A creditor may file for insolvency of an individual if the amount of his or her debt exceeds 500,000 roubles and is overdue for more than three months.139 The individual is obliged to file for insolvency if a payment to a creditor makes it impossible to pay other creditors and the amount due exceeds 500,000 roubles. The debtor has a right to file for insolvency if it is manifestly unable to pay its debts on time or the amount of its debts exceeds the value of its assets (there is no minimum threshold).140
In general, the following insolvency procedures may apply:141 restructuring of debts; a sale of assets; and a settlement agreement.

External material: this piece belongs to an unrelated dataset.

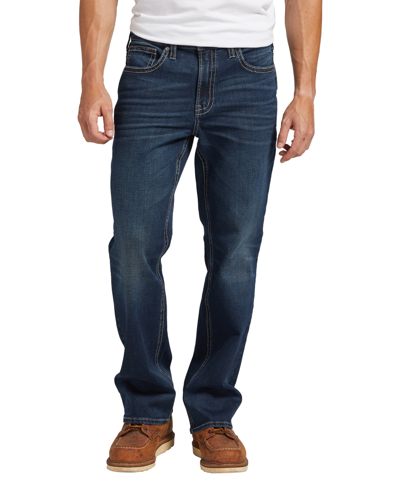 Silver Jeans Co. Men's Craig Classic Fit Bootcut Jeans In Indigo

If the court finds that the insolvency petition has merit, it introduces, as a general rule, the procedure of debt restructuring and appoints an insolvency administrator.142 In the course of this procedure, the insolvency administrator analyses the financial situation, a moratorium on the payment of debts is introduced, no interest and penalties accrue on any claims (except for post-commencement claims). The debtor cannot enter into any transactions for a value exceeding 50,000 roubles without the consent from the insolvency administrator.143 The debtor or the creditors may work out a debt restructuring plan providing for repayment of debts for no more than three years.144 The court approves this plan if it meets the criteria set by the Insolvency Law, it is realistic and does not breach third parties’ rights. In certain cases, the court may approve the debt restructuring plan without the consent of the debtor or the creditors.145
If there is no basis for the approval of a debt restructuring plan, the court declares the debtor insolvent and commences the procedure of sale of assets.146 The aim of this procedure is to have the debtor’s assets sold and the creditor’s claims repaid.
Certain assets of an individual do not constitute a part of the insolvency estate.147 Such assets include the only residential premises of the individual and land plots on which the premises are situated (provided that the land plots are not mortgaged) and the equipment necessary for the debtor to conduct his or her professional activities worth not more than 750,000 roubles.148
The distributional priorities applicable in the course of insolvency of individuals differ from the general priorities. The major difference is that the claims of the first priority include alimony claims and that a secured creditor gets 80 per cent of the proceeds of sale of the pledged assets and in addition may receive up to 10 per cent of the secured claims if they are not used for payment of court fees and expenses of the insolvency administrator.149
In the end of the sale of assets, the court is to decide on the discharge of the debtor from unsettled claims.150 The court will not release the debtor from obligations if it acted unlawfully or in bad faith while undertaking or performing its obligations, which serve as a ground for the creditor’s claims. For instance, the court will not issue a discharge order if it finds that the debtor intentionally gave false information to the insolvency administrator or the court in course of the insolvency proceedings. If this became known after the insolvency proceedings are complete, the decision to release the debtor from its obligations may be set aside.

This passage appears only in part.